強大な磁力の嵐を起こしては、人々の命を奪う不気味な古代遺跡「孤塔」。その調査を行うために必要不可欠な、磁力を操る能力を生まれつき持つ者だけが「塔師」として選ばれる世界。
農家の娘カシホの、平凡だが幸せな日々は、初恋の人の予期せぬ死によって、突然、終わりを告げる。「塔師」となるべく、困難な任務に立ち向かう彼女を突き動かすのは、亡き幼馴染への一途な想いだ。彼女を導く歳上の指導教官ギズは、塔師としては当代随一の技術を持つものの、出会った時から不愉快極まりない態度でカシホを圧倒し、お世辞でも「尊敬できる師」とは言い難い男だった――
健気で生真面目な少女と、凄腕だが毒舌で優しさの欠片も持ち合わせぬ男。この組み合わせだけでも、何かが起きる予感がする……そう思わせる序盤から、調査のため塔の内部へ突入する直前から起こり始める異変に、物語は一気に緊張感を増す。読めば読むほど深まる「孤塔」の謎に加えて、そこに現れる異様なものの存在が、古き良きファンタジー特有の仄暗さを否応なく浮き彫りにする。
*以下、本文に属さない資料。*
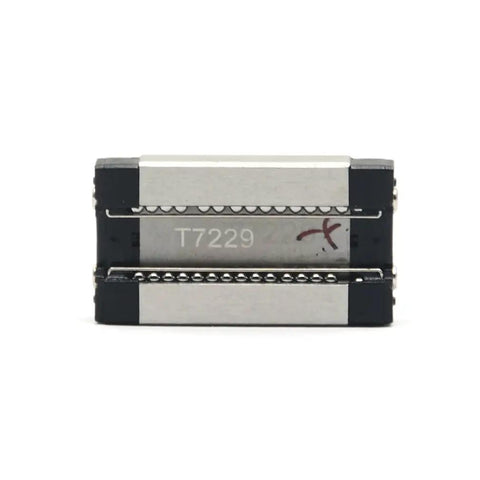 Front view of MGN7H Carriage Block for 7mm MGN7 Linear Motion Slide Rail Guide With Two Spare Balls Included, Durable, Easy Install, Clean Plastic Rail Ready.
色々な視点で楽しむことが出来る作品でもある。切ない「恋物語」の舞台となるのは、微量にSF的ながらも郷愁を誘う古めいた世界。「孤塔」という「化け物」の内部で繰り広げられるミステリー。そして、得体の知れないものに立ち向かう冒険譚……それらを繊細な言葉でつなぎ合わせ、秀逸なハイファンタジィが紡ぎ出されていく。
この作者さまが描くヒロインは、儚げに見えて、とても強い。周りに強い男が居ても決して媚びず、大人しく守られようなどとは思いもしない。自分の手で運命を切り開き、戸惑いながらも己が信じる道を真っ直ぐに突き進む。本作のヒロイン・カシホも、そんな少女の一人だ。その一途さに心を奪われ、思わず「頑張れ」と応援したくなる。
カシホとギズ、それぞれが胸に抱く愛しい人への想いの行く末と、古びた塔の謎に挑む彼らの勇姿を、最後まで見守りたいと思う。